The 1964 arrangement by William Schuman remarkably preserves the sound of two keyboards with pedals, evoking the humor of circus organs or silent movies, and the orchestration is reminiscent of P.D.Q. Bach. But in comedy we hear the truth, and Ives' genius was indeed ahead of its time.

Joining the ESO for two works by Tchaikovsky was Lynn Harrell, known in music circles as the "Dean of American Cellists," whose 50-year career includes appearances on the world's greatest concert stages, the Grammy Awards broadcast and the Vatican.

Cellist Lynn Harrell performs Tchaikovsky's Andante cantabile
from String Quartet No. 1 with Elgin Symphony Orchestra.
(Photo by James Harvey)
The eight-part Variations on a Rococo Theme (1877) was a showcase for Harrell's effortless technique. Bowing from the wrist, his delicate high passages were like an angel's laughter: lighter than air. Across the low register, his timing and placement was like Russian ballet dancers barely touching the floor. 

Even subtler still was the Andante cantabile from String Quartet No. 1 (1871), in which the orchestral accompaniment was impossibly soft and superbly conducted. Harrell seemed to work from a place beyond method or doctrine, quoting from memory, playing the whole instrument as easily as exhaling a breath.
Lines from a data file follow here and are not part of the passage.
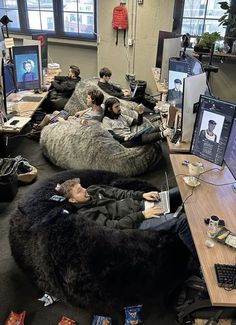 a group of people sitting on bean bag chairs in an office with computers and other items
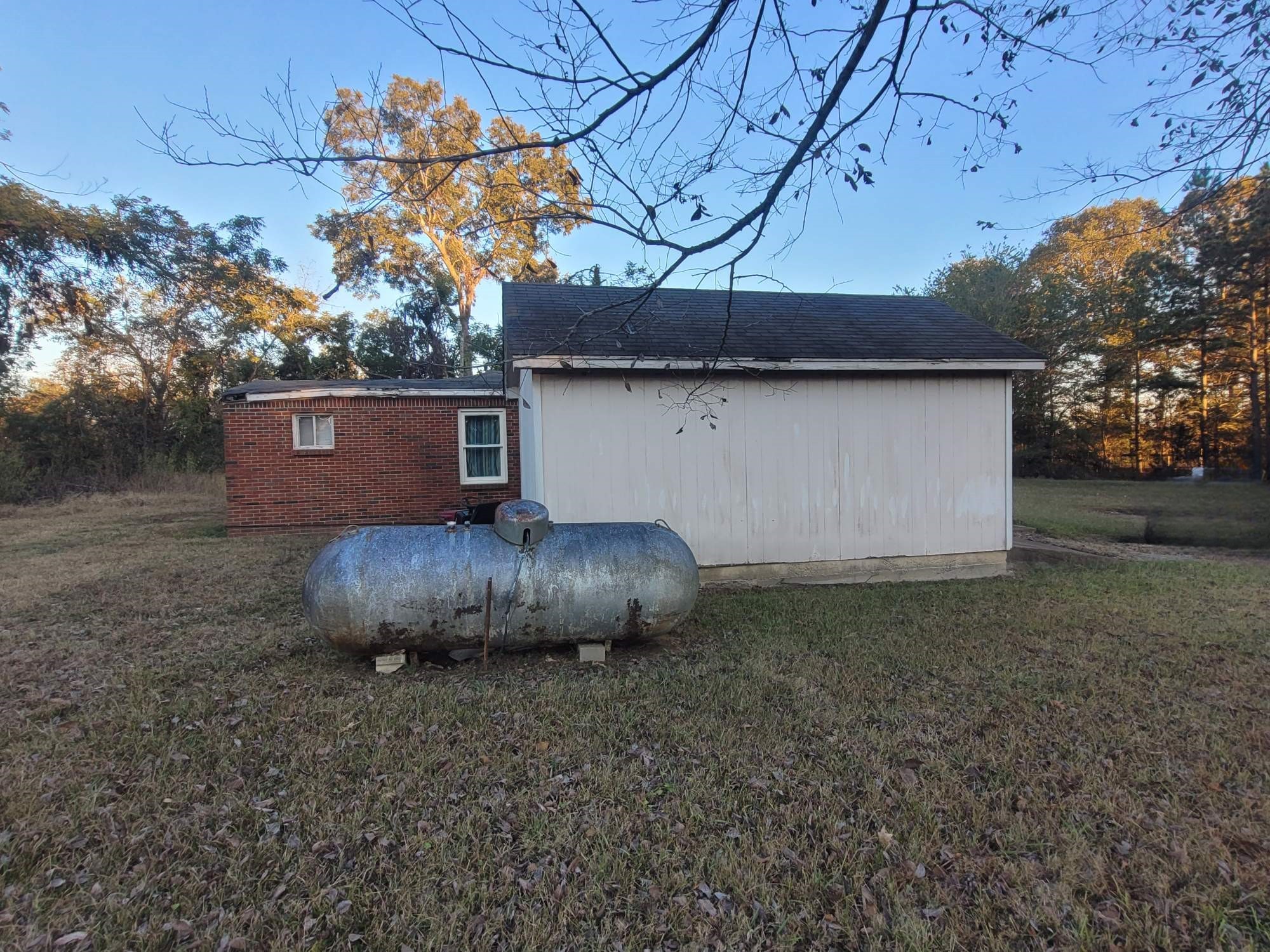 12586 Macon Road Collierville, TN 38017 - Photo 6 of 7 a backyard of a house with lots of plants and outdoor seating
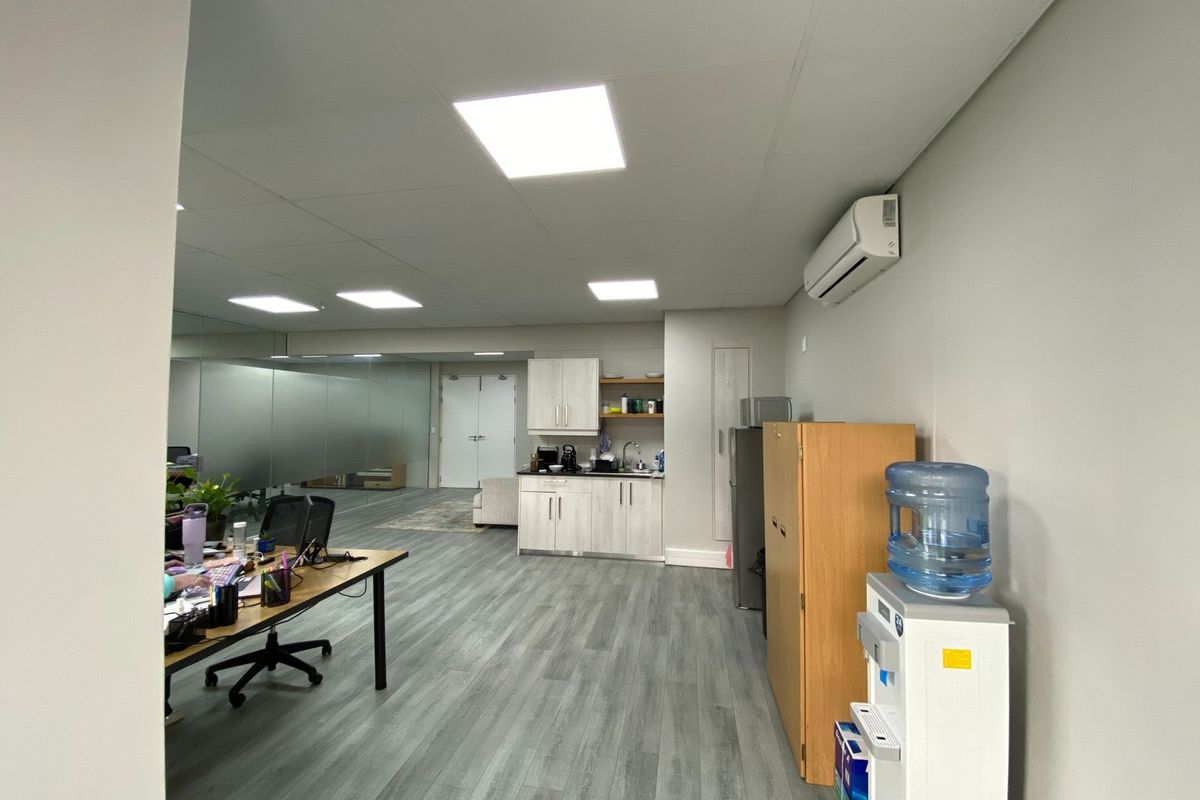 A modern office space featuring a functional kitchenette, laminate flooring, recessed lighting, and a mirrored wall, providing a clean and professional work environment.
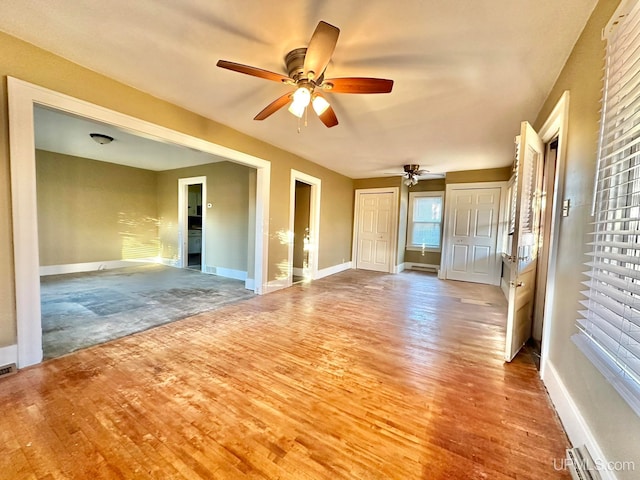 interior space featuring hardwood / wood-style flooring and ceiling fan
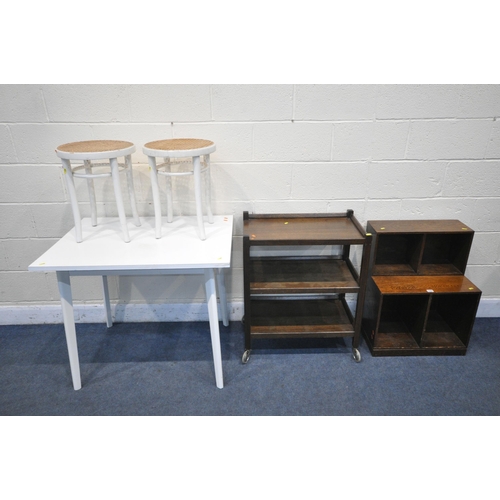 1295 - AN OAK TWO TIER OPEN BOOKCASE, along with an oak tea trolley, a white Formica kitchen table and two ... 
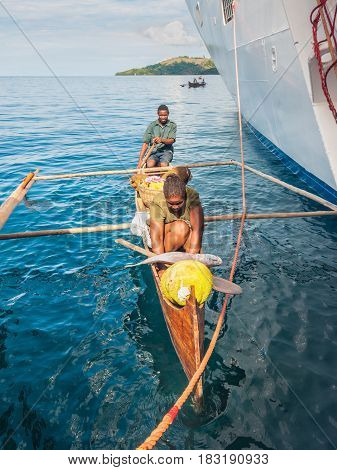 Hell-Ville Madagascar - December 19 2015: Malagasy vendors from their outrigger canoe offer fish and tropical fruits to ship passengers at Hell-Ville Nosy Be Island Madagascar.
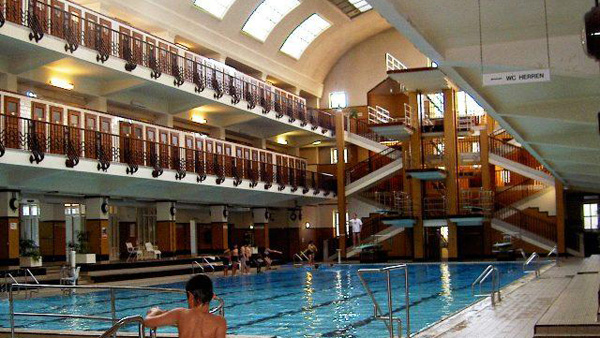 Hallenbad mit mehreren Sprungtürmen, Balkonen und Menschen, die schwimmen oder am Wasser sitzen. Das Sonnenlicht fällt durch gewölbte Fenster von oben ein.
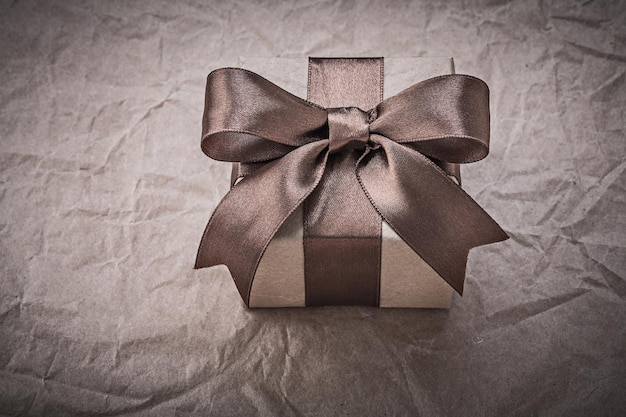 Giftbox with present ribbon on wrapping paper holidays concept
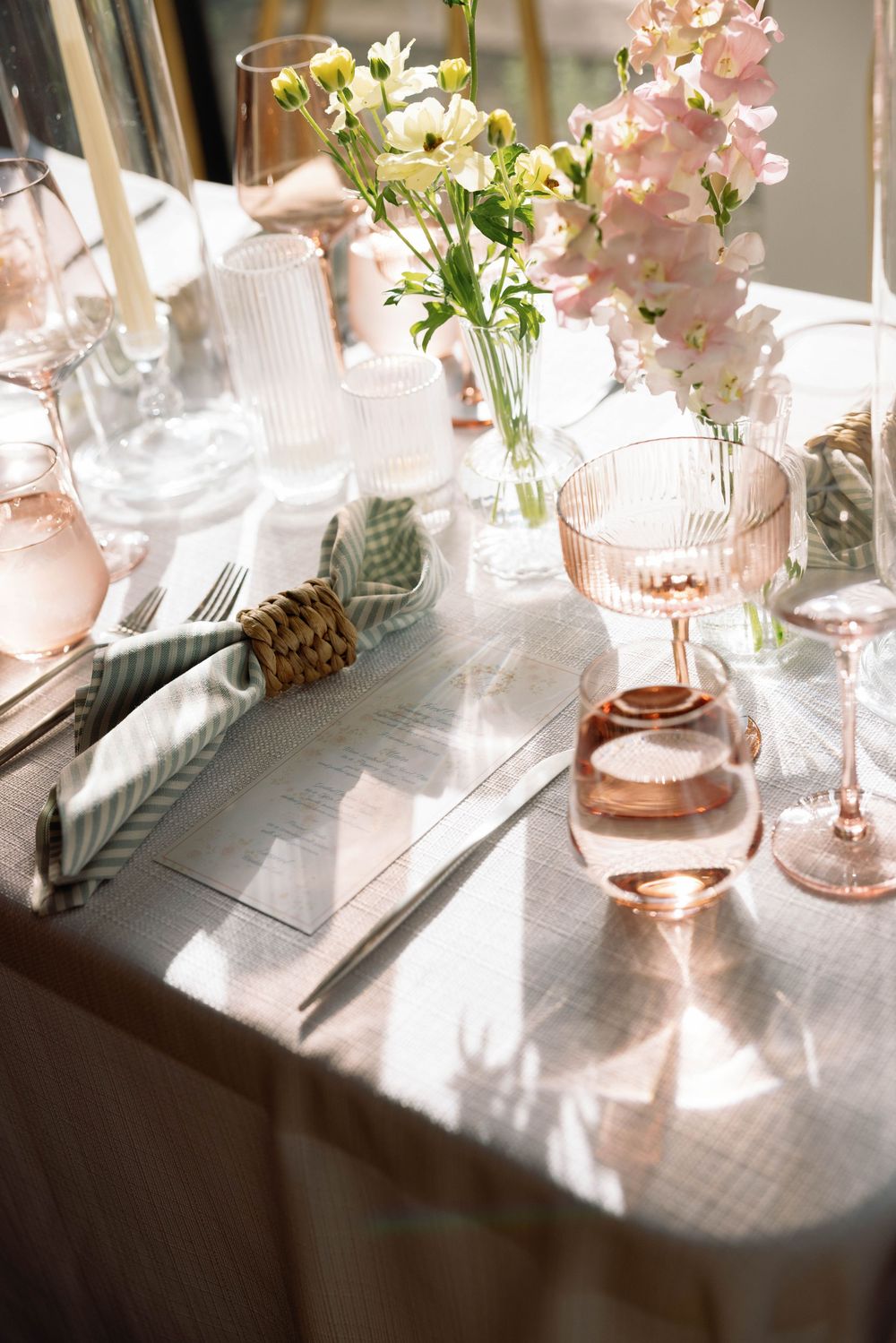 Elegant table setting with pink and white flowers in vase, rose gold glassware, and soft natural lighting.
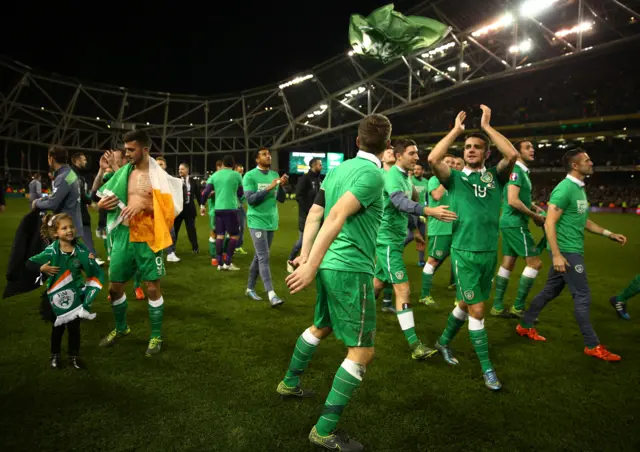 The Irish players celebrate qualification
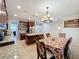 Open-concept kitchen featuring granite counters, stainless steel appliances, and an adjacent dining area at 1027 Cedar Bay Ln, Winter Springs, FL 32708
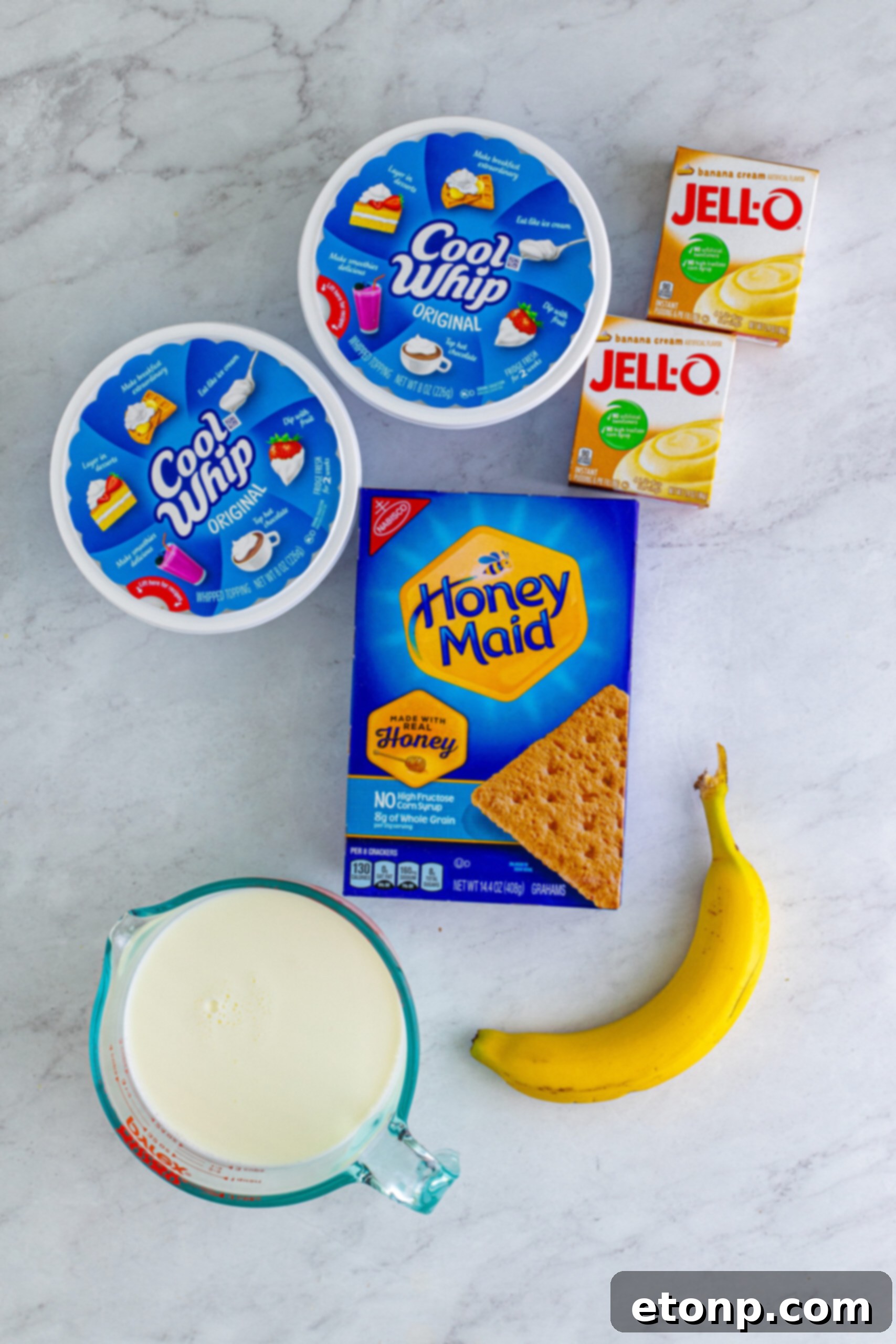 An overhead view captures all the simple ingredients laid out, ready for assembly to create this delicious Banana Icebox Cake.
The ESO has welcomed its share of rising stars, but the elocution of an artist with Harrell's experience is in a class by itself.

Walking briskly to the podium after intermission, Maestro Grams launched his colorful and emotive 45-minute interpretation of Brahms' Symphony No. 1 in C Minor. The well-known piece rejoiced in a wealth of understanding and affection within the ensemble. Excellent wind solos attested to the players' exceptional preparation for the start of a concert season.

Elgin Symphony Orchestra Music Director Andrew Grams.
(Photo by James Harvey)
Like a brilliant film director working with great actors, Grams connected with every section in a creative two-way dialogue of motion and sound, producing a vivid musical gestalt. Only in the hands of diligent and devoted artists like these would Brahms' familiar four-movement plot (and its Beethovenian subtext) seem new again. 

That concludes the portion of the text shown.